求大神解答~~高中数学等比数列、等差数列的问题,急求!
求大神解答~~高中数学等比数列、等差数列的问题,急求!
1.Setting n=5 in a_5*a_{2n-5}=2^{2n} yields a_5=2^5.Putting it back yields a_{2m-1}=2^{2m-1} for any m>=1.So the desired number is 1+3+5+...+(2n-1)=n^2.
2.Suppose a_5=x.Then a_4=x/q,a_6=xq,and a_7=xq^2.So 2(1+q^2)=1/q+q.Solving it we get q=1/2 or q=i or q=-i.
3.Computing the first terms of b_n,we see that it is not a geometric progression.The second problem can be solved by the characteristic root method.But I believe the question was wrongly printed.

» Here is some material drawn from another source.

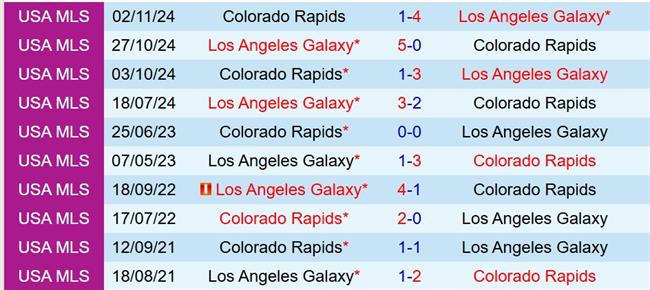 Nhận định Colorado Rapids vs LA Galaxy 8h30 ngày 266 (Nhà nghề Mỹ) 1 Nhận định Colorado Rapids vs LA Galaxy 8h30 ngày 266 (Nhà nghề Mỹ) 1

4.b_1=1 and b_{n+1}*(n+1)=(n+1)*b_n+n+1/2^n.Again,it is solvable but I believe the question was wrongly printed.The corrected version could be a_{n+1}=(1+1/n)a_n+(n+1)/2^n.In other words,it seems that the last two summands should be replaced by (n+1)/(2^n).Here is a hint for solving such questions:for Q4(1),write the recurrence as b_{n+1}-b_n=***,then solve the arithmetic progression b_n; for Q4(2),use the answer of Q4(1).